On Monday, April 4, the Federal Government ordered telecom companies to bar outgoing calls on all lines that have yet to link their National Identification Number and the Subscriber Identity Module.
As a result of this, about 72.77 million active telecom subscribers were barred from making calls on their SIMs.
In response to this, NATCOMS urged the Federal Government to extend the implementation of the SIM-NIN policy by three months. The association also gave the government one month to implement the ban.
However, in an interview with our correspondent on Wednesday, the President of the association, Adeolu Ogunbanjo, disclosed that NATCOM was set to take the government to court by May if it fails to temporarily lift the ban.
According to him, the association will be joined in a suit already filed by Socio-Economic Rights and Accountability Project against the Federal Government on the NIN-SIM policy implementation.
He said, “We have said that if the Federal Government does not lift the ban, we would go to court. But SERAP said it had filed a document in the court. So, we are giving the government until the end of the month.
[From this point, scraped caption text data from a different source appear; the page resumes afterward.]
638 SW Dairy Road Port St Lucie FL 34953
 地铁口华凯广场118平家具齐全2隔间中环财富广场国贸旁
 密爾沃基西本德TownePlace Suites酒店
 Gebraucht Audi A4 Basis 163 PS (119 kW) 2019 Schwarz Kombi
“NATCOM is saying that by end of the month, we will go to court. We are going to court to ensure the government unbans the lines and extends the deadline. SERAP has made the first move already, we would be joined in the suit.
“After the expiration of our deadline for the government to reconsider its decision, we would formally go to court, along with SERAP. By the first week in May, we are joining SERAP in the court.”
Ogunbanjo pointed out that even subscribers who had linked their NIN with their SIMs prior to the directive were also blocked.
He said the directive was unfair to subscribers, adding that its implementation had affected their businesses.
He added, “The present situation of things is so bad because a lot of people that have linked their NIN and SIM are also being blocked. These consumers now have to visit telecom service centres. This is unfortunate.
“When I spoke to one of the telcos, I was told that only ongoing calls were being blocked, as subscribers can still use data, WhatsApp, and text message services; which aligns with the directive of the ministry. However, several people use their lines for business, and this is having an effect on them.
“They can’t make call to their clients, this is a very terrible situation that is affecting businesses. These are part of the reasons we will join SERAP in the suit, so that the Federal Government can unban these lines. And we would request at least a minimum of three months extension of the exercise in the court.”
Ogunbanjo also alleged that racketeering had returned to the National Identity Management Commission centres as officials now charge between N3,000 and N10,000 for NIN registrations.
He stated, “The NIMC centres are jampacked. Telecom consumers are suffering. By the time they go to the centres, they have to pay between N3,000 and N10,000, depending on when the subscriber wants to get the NIN.
“This is unfortunate. Yes, the government says it is free, but these acts are open. Let security agents wear muftis and go to the NIN centres, they would see for themselves that the NIN centre officials are extorting members of the public. The only place they are not exploiting subscribers is the telco centres, the mobile network operators.
“It is free there, but they are constrained as to how many subscribers they can attend to in a day. There is always a crowd there too. And sometimes, the network from the NIMC is slow. These are the situations subscribers are facing. This is unfortunate, and it is the reason we are requesting a deadline extension.”